Foto: Solidariedade na Câmara

A exatos 324 dias do primeiro turno das eleições de 2022, Jair Bolsonaro pode se considerar um homem livre do impeachment.

Como registramos ontem, manifestações contra o presidente que estavam sendo organizadas para as próximas semanas foram canceladas.

O deputado Kim Kataguiri (DEM), um dos fundadores do MBL, disse ao Congresso em Foco que os protestos não fazem mais parte da agenda do movimento nem sequer no médio prazo. A justificativa é a de que não tem clima para mobilização” e a prioridade agora é discutir pautas para 2022.
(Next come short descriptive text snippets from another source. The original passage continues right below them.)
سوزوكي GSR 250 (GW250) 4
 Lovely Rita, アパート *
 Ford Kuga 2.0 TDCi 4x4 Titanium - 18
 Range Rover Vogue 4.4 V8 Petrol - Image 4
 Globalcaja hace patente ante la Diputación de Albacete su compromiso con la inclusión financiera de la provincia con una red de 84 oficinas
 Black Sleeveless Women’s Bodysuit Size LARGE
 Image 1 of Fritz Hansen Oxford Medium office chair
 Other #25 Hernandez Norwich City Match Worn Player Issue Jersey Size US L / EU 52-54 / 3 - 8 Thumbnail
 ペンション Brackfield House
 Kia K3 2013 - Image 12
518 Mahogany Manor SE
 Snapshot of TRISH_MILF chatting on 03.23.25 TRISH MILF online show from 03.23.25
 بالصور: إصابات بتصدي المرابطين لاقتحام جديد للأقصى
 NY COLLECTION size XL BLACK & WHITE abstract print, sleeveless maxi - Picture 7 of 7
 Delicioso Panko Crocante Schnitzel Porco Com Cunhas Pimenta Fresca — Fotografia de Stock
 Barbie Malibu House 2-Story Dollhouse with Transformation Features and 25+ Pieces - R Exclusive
Paulinho da Força (foto), deputado federal e presidente do Solidariedade, afirmou a O Antagonista que não existe mais esse ânimo para manifestações também entre dirigentes de centrais sindicais.

“O sentimento é o de que tentar tirar o Bolsonaro agora é transformá-lo em vítima para esse bando de malucos aí”, disse Paulinho.

O parlamentar também considera que não há mais tempo para tramitar um processo de impeachment no Parlamento.

“E as pessoas sabem que não tem força no Congresso para fazer impeachment.”

Kim participou, nesta semana, do evento de filiação de Sergio Moro ao Podemos. Paulinho tem dito que, se a eleição fosse hoje, faria aliança com o PT do ex-presidiário Lula.